The sociotechnical system based on cross training, continual learning, relatively autonomous team collaboration and an egalitarian ethos was thus reinforced by the innovative shift schedule that the workers designed. And although the schedule did not reduce the overall number of hours worked, the blocking of free time into three- and nine-day periods permitted considerably more attention to various leisure and community activities.5

Notes

1 My account draws on Thomas Rankin, New Forms of Work Organization: the Challenge for North American Unions (Toronto: University of Toronto Press, 1990); and on accounts taken from academic, labor and management consultants involved in the design process, especially Louis Davis and Charles Sullivan, "A Labor-Management Contract and the Quality of Working Life," Journal of Occupational Behavior 1 (1980), 29-41; and Norman Halpern, "Sociotechnical Systems Design: the Shell Sarnia Experience," in J.B. Cunningham and T.H. White, eds., Quality of Working Life: Contemporary Cases (Ottowa: Labour Canada, 1984), 31-75. See also Charles Heckscher, "The Lakeville Chemical Plant," in The Post-Bureaucratic Organization (London: Sage, 1994), 253-273; and The New Unionism (New York: Basic Books, 1988).

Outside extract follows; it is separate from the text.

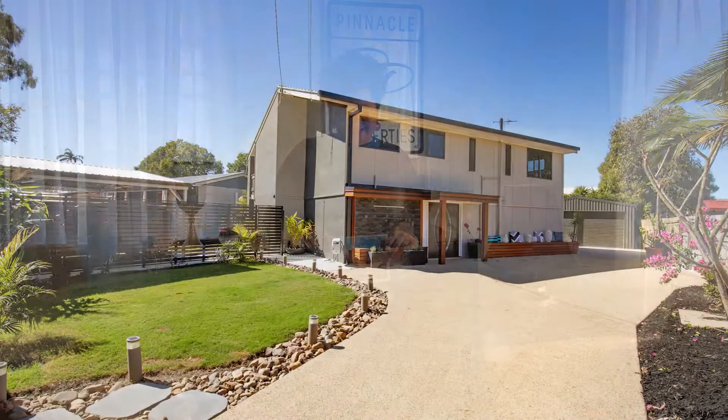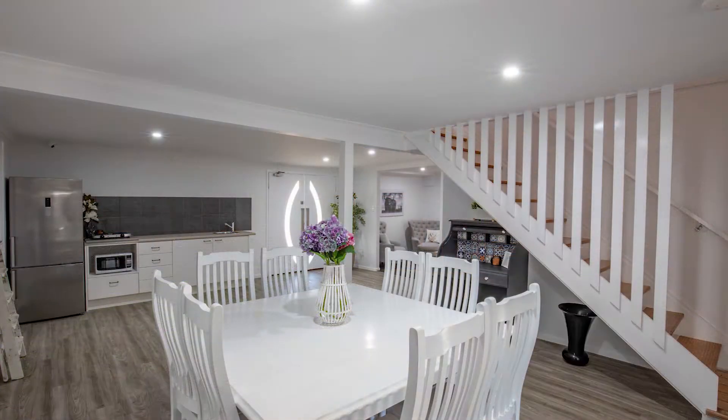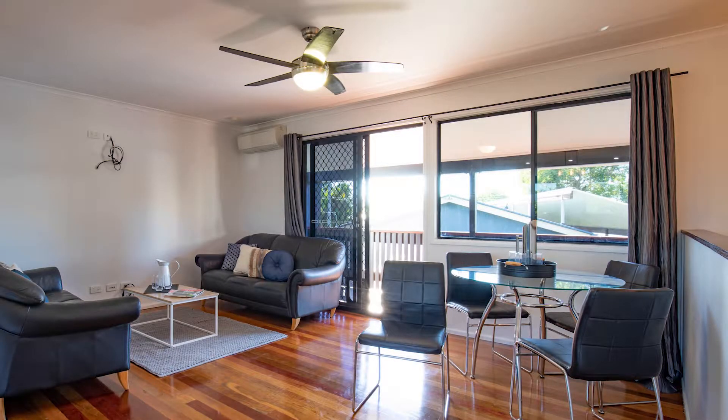Have you ever been to a house and gone wow? When I think of 38 Leaches Road South, I think of the word spectacular, family, warm and welcoming. It is beautifully renovated, it is amazing, it is a gorgeous house.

2 Shoshana Zuboff, In the Age of the Smart Machine (New York: Basic Books, 1988).

3 Rankin.

4 Larry Hirschhorn, The Workplace Within: Psychodynamics of Organizational Life (Cambridge: MIT Press, 1988). See also Gerald Sussman, Autonomy at Work: A Sociotechnical Analysis of Participative Management (New York: Praeger, 1976).

5 Carmen Sirianni, "The Self-Management of Time in Postindustrial Society," in Working Time in Transition, eds. Karl Hinrichs, William Roche, and Carmen Sirianni (Philadelphia: Temple University Press, 1991), 231-274; Stanley Nollen, New Work Schedules in Practice (New York: Van Nostrand Reinhold, 1982), 83ff; and Rankin.